If the dying star is far more massive than the Sun, when it collapses, it will do so far more violently, given its extra gravity. As it collapses down, it will do so with such force that new nuclear fusion will begin, and its outer layers will explode outwards in a supernova. What’s left behind after the supernova explosion depends again on how massive the star was before exploding.

On the lower end of the mass scale, a neutron star will be left behind. Like a white dwarf, a neutron star is the extremely dense remains of a star. However, its gravity was so powerful that it overcame the repulsive force of electrons and pushed the electrons all the way to the nucleus of the atom, causing the electrons and protons to combine and form neutrons. An atom is mostly empty space, but a neutron star has removed all of that empty space between the electrons and nucleus, creating the densest possible matter. Just a single tablespoon of the neutron-degenerate material from a neutron star would weigh as much as Mt. Everest. Technically, a neutron star is a single atomic nucleus the size of New York City.

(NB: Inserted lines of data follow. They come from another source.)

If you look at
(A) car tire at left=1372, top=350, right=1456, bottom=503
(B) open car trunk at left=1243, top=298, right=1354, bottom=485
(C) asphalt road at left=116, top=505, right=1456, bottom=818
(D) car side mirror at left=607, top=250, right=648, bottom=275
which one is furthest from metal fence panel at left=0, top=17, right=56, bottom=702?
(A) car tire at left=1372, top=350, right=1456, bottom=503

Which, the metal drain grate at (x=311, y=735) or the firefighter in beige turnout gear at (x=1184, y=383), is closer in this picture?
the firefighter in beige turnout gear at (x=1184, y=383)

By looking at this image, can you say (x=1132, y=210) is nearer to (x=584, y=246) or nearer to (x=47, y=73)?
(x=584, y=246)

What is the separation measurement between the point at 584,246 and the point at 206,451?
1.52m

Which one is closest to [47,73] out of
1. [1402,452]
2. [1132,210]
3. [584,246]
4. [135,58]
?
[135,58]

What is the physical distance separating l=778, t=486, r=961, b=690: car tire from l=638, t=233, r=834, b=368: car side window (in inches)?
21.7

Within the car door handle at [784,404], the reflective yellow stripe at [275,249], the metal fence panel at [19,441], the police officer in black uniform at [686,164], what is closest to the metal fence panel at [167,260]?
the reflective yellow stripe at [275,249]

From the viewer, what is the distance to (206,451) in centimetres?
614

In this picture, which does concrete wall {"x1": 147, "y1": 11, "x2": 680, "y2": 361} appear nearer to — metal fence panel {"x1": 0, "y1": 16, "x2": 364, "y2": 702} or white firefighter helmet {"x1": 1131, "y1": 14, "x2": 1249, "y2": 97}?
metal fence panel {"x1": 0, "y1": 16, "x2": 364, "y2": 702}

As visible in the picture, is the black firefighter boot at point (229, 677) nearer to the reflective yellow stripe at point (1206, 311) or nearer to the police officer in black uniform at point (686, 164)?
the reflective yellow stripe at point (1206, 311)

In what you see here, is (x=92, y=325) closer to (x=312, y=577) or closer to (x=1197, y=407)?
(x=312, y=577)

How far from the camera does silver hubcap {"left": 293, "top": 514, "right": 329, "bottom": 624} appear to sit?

But that’s not even the most extreme it can get. An even more massive star can have gravity strong enough to even force the neutrons to occupy the same space. That’s when you get a black hole, one of the most extreme objects we know of in the universe. In a black hole, the gravity is so strong that all the mass of the star has been condensed into a single infinitesimally small point. As a result, a black hole has such extreme gravity that not even light can escape from it. Hence the name black hole.

But, even after all that, the planetary nebulae left by white dwarfs and the supernova remnants left by neutron stars and black holes can spread out and enrich other stellar clouds, leading to the formation of the next generation of stars.